# unwanted find



## nidahotrapper (Sep 27, 2009)

well went and checked my trapline tonight and found this little stinker caught up in my conibar.


----------



## blhunter3 (May 5, 2007)

Nice specimen for a hat.


----------



## nidahotrapper (Sep 27, 2009)

haha i outa make me a skunk skin hat. good idea.is skunk pelts even worth skinning and fleshing to sell?? do you know what the average price is?


----------



## blhunter3 (May 5, 2007)

Don't know a damn thing about trapping other then it was be bada$$ to have a skunk hat and gloves.


----------



## nidahotrapper (Sep 27, 2009)

ya im gettin bout tired of them dam things ive trapped 6 in this last week, and not even meaning to trap a skunk jst a measly ole ****


----------



## Crazycowboy (Oct 31, 2009)

I've never bothered trying to skin/flesh/stretch skunks.

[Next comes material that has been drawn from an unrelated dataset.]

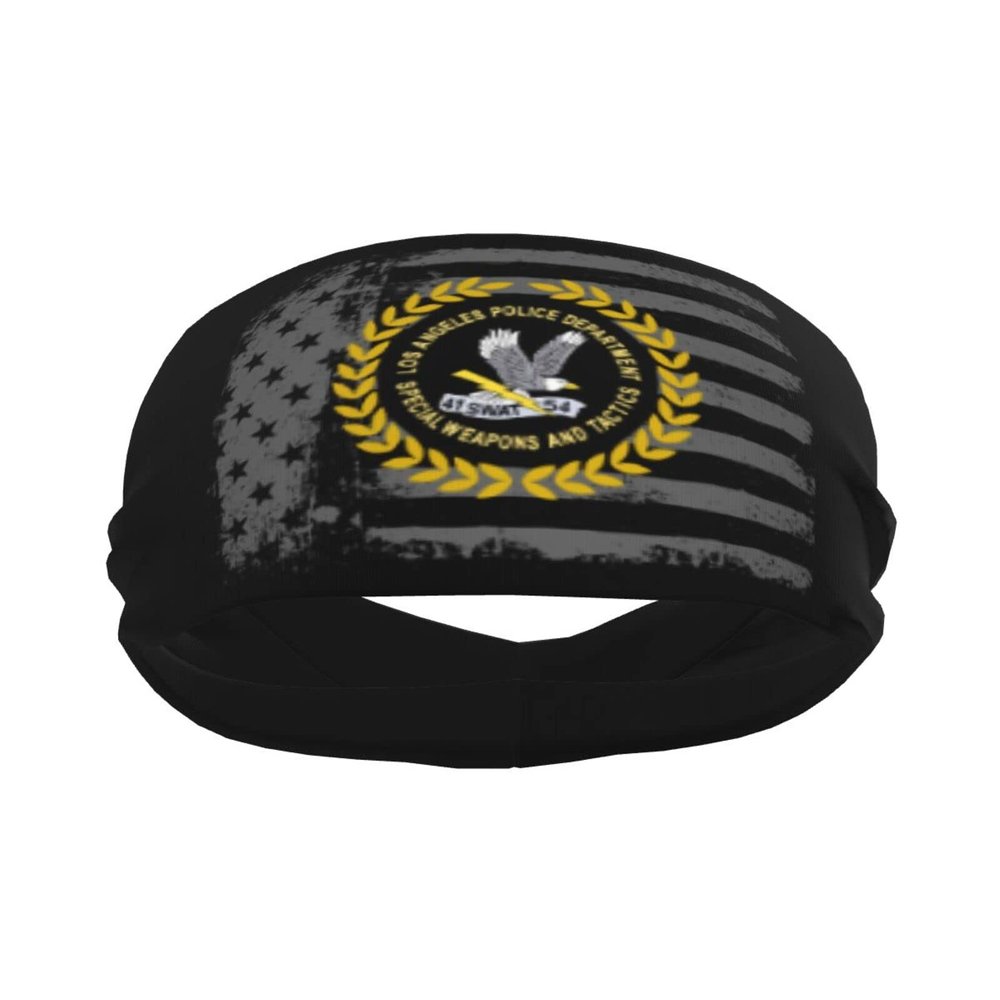 LAPD Swat Sports Sweatband Headband for Men - for Tennis, Basketball, Running, Gym, Working Out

Normally when I was lucky enough to catch one, i'd just leave the trap in place on the skunk, and set another in front of it. Seemed to be an almost guaranteed coyote catch within 3 days.


----------



## FurNFeathers (Jun 4, 2009)

Skunks skin and flesh about like a young ****. Just be carefull not to nick the glands(located on either side of the vent) on your first cuts. About 50% of bodygrip caught skunks spray so you had better have a strong stomach and an understanding wife or mother which ever you have to live with. If you skin the feet out you can get a little more money as some taxidermists will buy them this way. Good luck.


----------



## beever trapper (Jan 21, 2009)

leave em in the trap, throw em in a cold creek for two or three days. case skin em like anything else. they flesh pretty easy. plus these critters have some of the best lure makin ingredients on four legs,.....essence. personally, id rather sell em in the round, one slip of the knife and the fur shed is not a friendly place for a while!


----------



## nidahotrapper (Sep 27, 2009)

yea i skinned fleshed and stretched 3 of them and thats the last im gunna do.i seen on ebay people are selling soft tanned skunk pelts for between $30-60 bucks so i might give that a try. will try setting a trap infront of the trapped skunk next time thanks. and yea they are bout the easyest thing to flesh ive experianced so far


----------



## premoj (Feb 23, 2009)

well if you are lucky enough, and the skunk hasn't spraid yet you could find someone who takes the glands. I have a guy who pays $15 an once for it. you could give that a try. good luck with the stinkers.


----------



## xdeano (Jan 14, 2005)

Skunks aren't bad, you just have to be careful around the glands in the back. I'd advise doing the skinning outdoors vs indoors. Don't pull to hard on the hide and you'll be ok.

After you get done with the fur, get a 20cc suringe with about a 14-16gauge needle and suck the sacks out and put it into a dark glass container with a rubber cork. Then you can sell it. The stuff is worth some money. Or better yet, make some lure and add a few drops of essence to it and you'll have a great call lure.

xdeano


----------